この町は領主の屋敷を中心に扇形に広がっている。上から見た形は扇形だけど、横から見たら階段状になっている。
領主とその血族が住む上層、その他貴族が住む中層、一般人が住む下層。きれいに三段に分かれていて、層を移動するときは身分証か通行許可証がいる。残念なことに私たちはそれを持ちあわせていなかった。
「ねえヴィセル。どうしようか」
下層から中層へ移動するための階段を見上げながらヴィセルに尋ねる。ちなみに、会談は三つあって、これは真ん中の階段。一応、全部見てきたけれどどの階段の前にも兵隊が五、六人立っている。
空を飛べばいいと思うかもしれないが、街中での飛行は法律にひっかかる。問答無用で撃ち落とされて終わりだ。
「そうですね、どうしましょう」
強行突破は無理だろうな。ここを突破できても、中層の階段でぼこぼこにされて終わりだ。数で負けている以上先手はとりたい。

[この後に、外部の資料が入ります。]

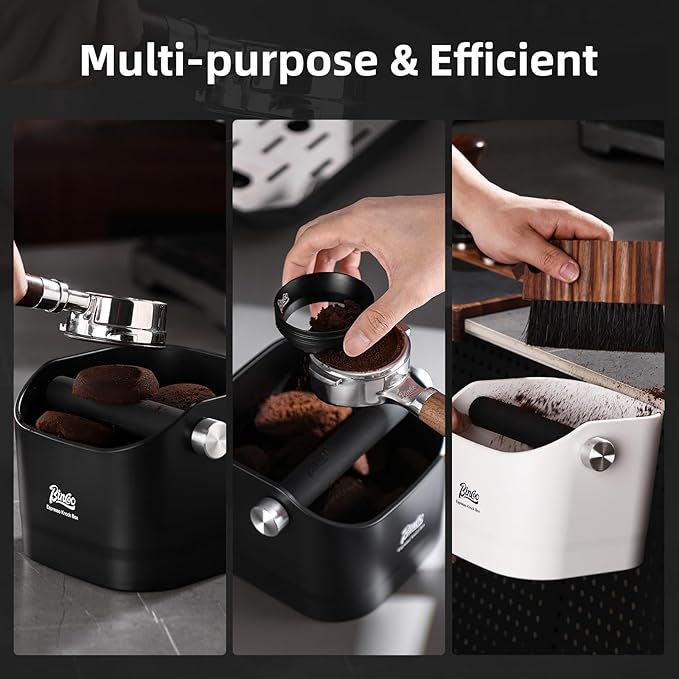 Espresso Knock Box - Bincoo Espresso Machine Knock Box/Espresso Grounds Knock Box, Barista Style Coffee Knock Box for Grounds with Removable Shock-Absorbent Knock Bar and Anti-Slip Base. (White)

少しの間悩んだのち、ヴィセルがひらめいたようにつぶやいた。
「あ、あります。中に入る方法」
え? 私は驚きヴィセルのほうを見る。
「ここは人目に付くので向こうで話しましょう」
そう言って公園のほうを指さす。
たしかに大階段の前で腕を組んで考えてる人が二人もいたら怪しいし、目立つ。それに、階段の前の兵隊も私たちを注視している。
「そうだね……」
町に入る前に
ちなみにヴィセルは戦った時から変わらす、ジーンズに白シャツ、黒いパーカだ。そもそものスタイルがいいのか、何を着ても様になりそうだ。
公園のベンチに腰を下ろし、砂場を何気なしに見る。そこには無邪気に遊ぶ子供の姿があった。平和がそこにはあった。
「先ほどの続きですが、」
丁寧な前置きの後に語られた作戦は驚くほどシンプルなものだった。シンプルだけれど、すべての問題をクリアしたものだった。
「――まず確認ですが、そのナイフで刺して、精神世界にいる間は現実世界の時間は止まっているんですよね?」
「そうだけど」
こんなことを聞いてどうするつもりだろう。
「まず、突っ込んで一人を刺して仲間にします。残りの五人も同じです。一人でも逃がしたら失敗なので頑張ってください」
確かにこの作戦なら戦わないで屋敷まで到達できるな。屋敷内の護衛とは戦いになるけど。
「まだ続きがあります。三人だけ階段前に残して、ほかの三人にそれぞれ中層、下層の東側と西側に行ってもらって『西から敵が攻めてきた! 全軍で迎え撃たなければ勝てない』と伝えさせましょう」
そういうことか。これなら、加速度的に情報が渡って、屋敷の中の護衛も外にひっりだせる。
領主を殺して、兵士を全員ナイフで手下にできれば……!!
やはりヴィセルはできるやつだ。